Jo couldn’t make sense of it for a moment. Then her brain made the leap. “Wait. There’s someone in that house?” she squeaked, breaking into a sprint.

Ruby tackled her to the ground. “Stand down, Jo. It’s been burning for a long time,” she said in Jo’s ear, holding her down with more than human strength until Jo went limp. “Come on, let’s get out of here before the locals decide to play ‘Burn the Witch.’”

Jo followed Ruby back to the car. Ruby settled her in the passenger seat and snicked the seatbelt closed. She got into the driver’s seat and pulled onto the road. Jo dozed off. She woke up sometime later when Ruby pulled into a gas station and asked, “Did the kid make it?”

“Yeah,” Jo answered, voice still wrecked. “Yeah, she did.”

“Well, that’s something anyway.” Ruby said.

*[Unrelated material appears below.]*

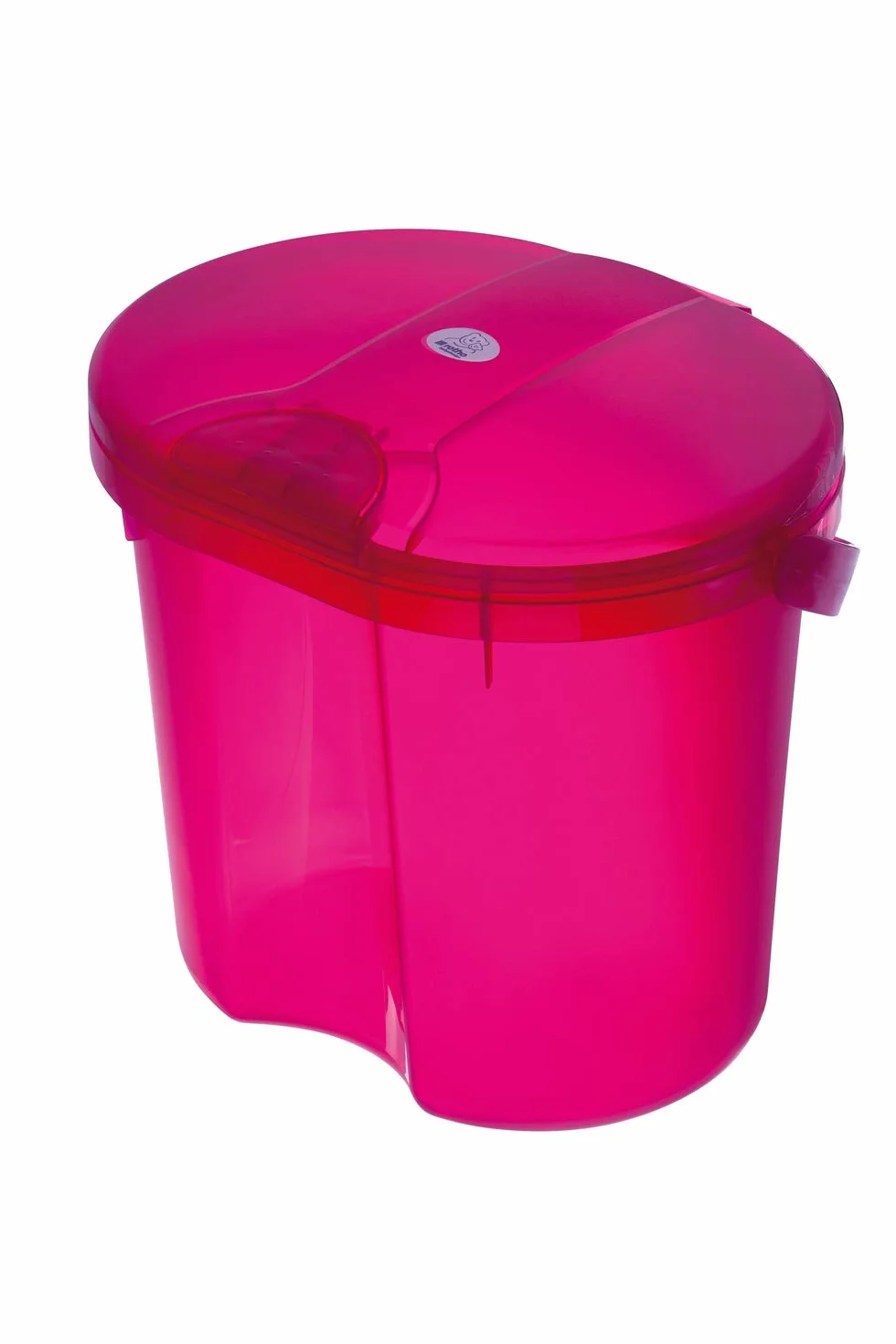 Rotho Babydesign 20002 0210 Secchio per Pannolini Usati - Top Windelmeier , 332 x 270 x 295 mm, Rosa (STranslucent Pink)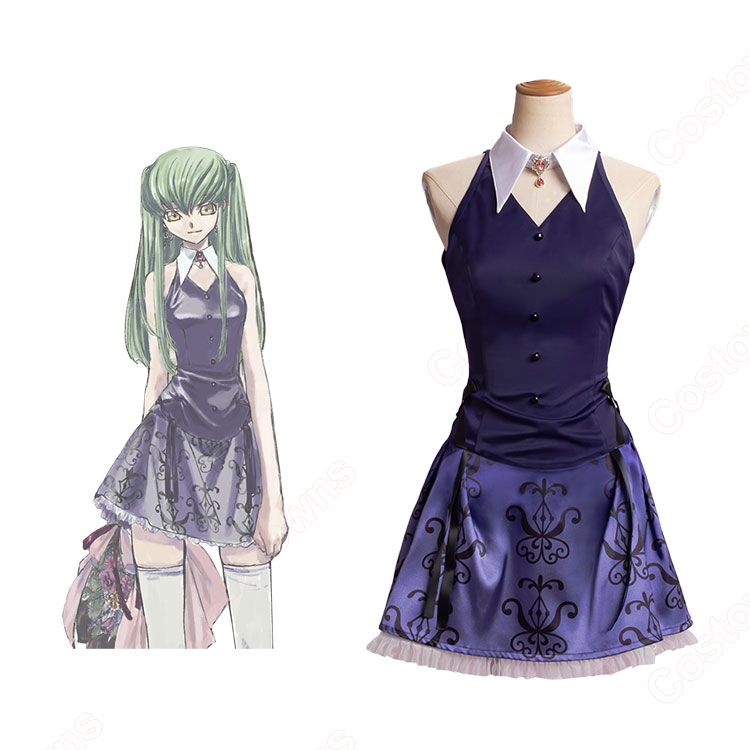 コードギアス 反逆のルルーシュ オーケストラコンサート C.C. コスプレ衣装-1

She looked over at Jo. “Don’t take it so hard, sweetie. Sometimes, doing the right thing isn’t enough to make things come out right. You’ll learn.”

She got out to pump the gas, and Jo fell back asleep.

  
  


**Chapter 6**   


There were a whole slew of demonic omens in Indiana, and Jo’s partner had up and disappeared. Jo had left seven voice messages for Ruby in the past twenty-four hours. Last time they spoke, Ruby’d said something about being busy with the Winchesters for a couple of days, but that was over a week ago. Dean and Sam weren’t picking up, either. Both those dicks had been tip-toeing around her ever since Sam’s little possession gig, but avoiding her was childish.

Jo tried the map ritual, searching for demonic energy. Five candles, a few drops of blood, a little Latin, but it was no good. The hotspot in Indiana didn’t match Ruby, and they’d cleared out everything else. Finally Jo called Bobby.

“Yeah?” Bobby answered after a dozen rings. The one word had Jo on edge. Bobby sounded drunk.

“You alright, Uncle Bobby?”

“No,” Bobby barked. It hung in the soft, staticky hum of the phone line. Jo wasn’t sure what to say. “You calling to inquire after my general health, or did you need something?”

“I, uh, was wondering if you’ve heard from Ruby lately.”

“Oh. Of course. Shoulda known. You’re calling to inquire after the _demon’s_ health,” Bobby slurred. “Well, girlie; hate to break it to you, but Ruby’s gone. Probly dragged back to Hell right alongside Dean.”

“Wait,” Jo said. “Dean? Dean’s dead?” She felt bad, now, about thinking he was a dick.

“And buried. Sam wouldn’t even let me burn his bones.”

Jesus. Sam must be a wreck.

Jo suddenly remembered Ananôku’s threats. Ruby was back in Hell, and because of Jo, because Ruby did the right fucking thing by not killing Ananôku with her knife, that demon was doing all the things it’d promised, screamed at her for all those hours. No. She couldn’t be responsible for Ruby suffering like that. But maybe … maybe there was a way to get her out.

“Bobby, do you remember that demon-summoning ritual those Goth kids got their hands on a couple of years ago?”

There was a harsh sound from Bobby’s end of the phone line that might have been meant as a laugh. “You know Sam woke me up at three this morning to ask if the ‘life’s blood of an infant’ in Guiborg’s _Denique Ritus_ might be _negotiable_? You all can just go to Hell in your own damned hand baskets. I’m done.” The phone was slammed down, hard.

When Jo tried calling Bobby back, all she got was a busy signal. Well, she’d figure it out herself. The Olmütz Collection at the Notre Dame library would have the texts she needed. She could be there by the time they opened in the morning.